Pick a spot or aspect that you're having trouble with.  Take a look and find some things that might be applicable and start there.

So, have trouble crashing the gap to engage?  Find the section on shooting and start working.  Trouble finishing from a position?  Look up some subs from there.  Is  transitioning difficult?  Lots of those books include drilling on such things.  Take a look at those.

Generally, you'll get better reference material that pertinent to you if approach it this way.

Good luck.  Which book did you end up with?


----------



## Andrew Green (Jul 9, 2009)

hma123 said:


> This probly sounds like a dum question,but ive recently purchased a mma book, shows moves,etc.  Theres just SO much to look at that i dont know and in general. I have no clue really where to start in the book or any of my others for that matter. These books have alot to offer, where should i start (no im not a beginner,so i dont think the very start) but theres alot of stuff in the book i know but ALOT that i dont know.
> 
> What is it, just pick a move i like and drill it,learn as much as i can at once, take each move very slow until i master it,i dont know.
> 
> ...



Martial arts books are generally written for, and used as references, not instructional guides to follow from beginning to end in order to learn a skill set.

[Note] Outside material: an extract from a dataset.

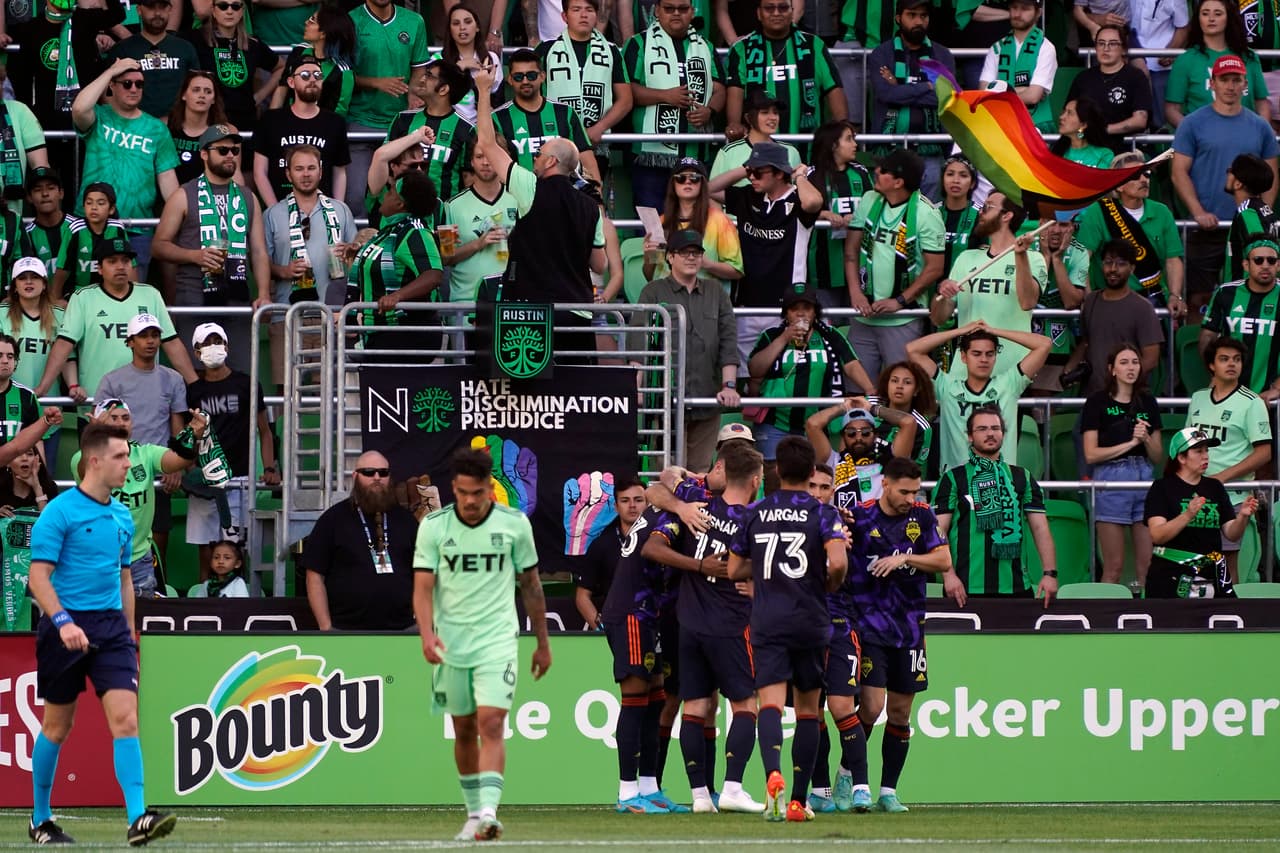 Will Bruin abrió la cuenta para el club de la región de Cascadia.
<br>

Learning martial arts from a book would be like trying to learn English from a dictionary.  Might be possible, but it's going to be really hard and really slow going.  A dictionary shows you words and definitions, with little hints as too their use, but it doesn't really teach you the language.  Gaining grammar, sentence structure, speaking patterns, which words too use at which times when several have similar meanings, etc.  All that is missing.

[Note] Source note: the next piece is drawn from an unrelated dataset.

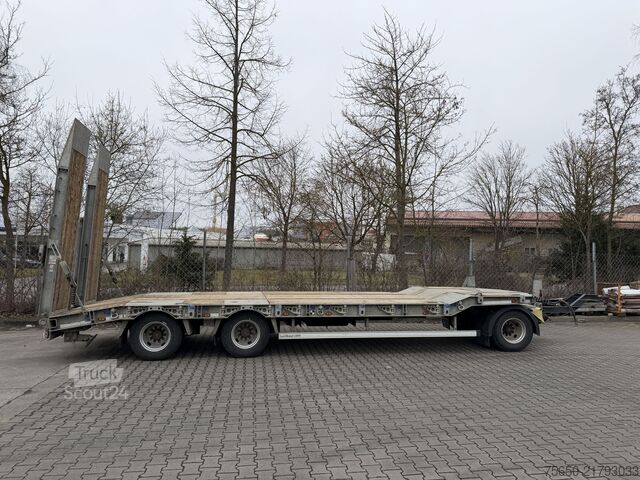 Nízkoložný přívěs Humbaur HTD 30  3 Achs Tiefladeranhänger, Wenig Benutzt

Same thing when trying to learn from a book.  You might learn techniques, but you will have a very hard time learning the "flow" that actually lets you play the game well.  You can use the book to add moves into your existing skill set, or too fine tune your understanding of certain moves, but too really get into it you need to find some people that already speak the language and are willing too teach you.


----------



## tallgeese (Jul 9, 2009)

I'd agree.  Stuff from books should be supplemental in nature and not a primary learning tactic.  That said, I've pulled more than a few drills from sources like this over the years and a handful of tactics as well.

It's certainly easier if you are well grounded in what you're doing and have an understanding of the material.  Still, I'd relegate it to a secondary way of learning.


----------



## Nolerama (Jul 9, 2009)

Make sure you have a couple of good training partners who aren't out there to kill you on the mat or in the ring. Drill the tech you see in the book. Look for it elsewhere (I'm sure you can find them or variants all over Youtube) and discuss your thoughts on each technique after your training session.


----------



## still learning (Jul 29, 2009)

Hello, I love to read and watch martial art videos.....

If you can learn just one thing...from these materials....GREAT....learning comes in all forms..

Even this site is a learning tool (reading)....

If one is limited his knowledge...is limiting there training...

just saw a video..pointing out the how to get out of a rear choke hold on lthe ground...instead of pullling down...push up...Video gave a good pointer....

Aloha,   .....102 books....568 more to go...


----------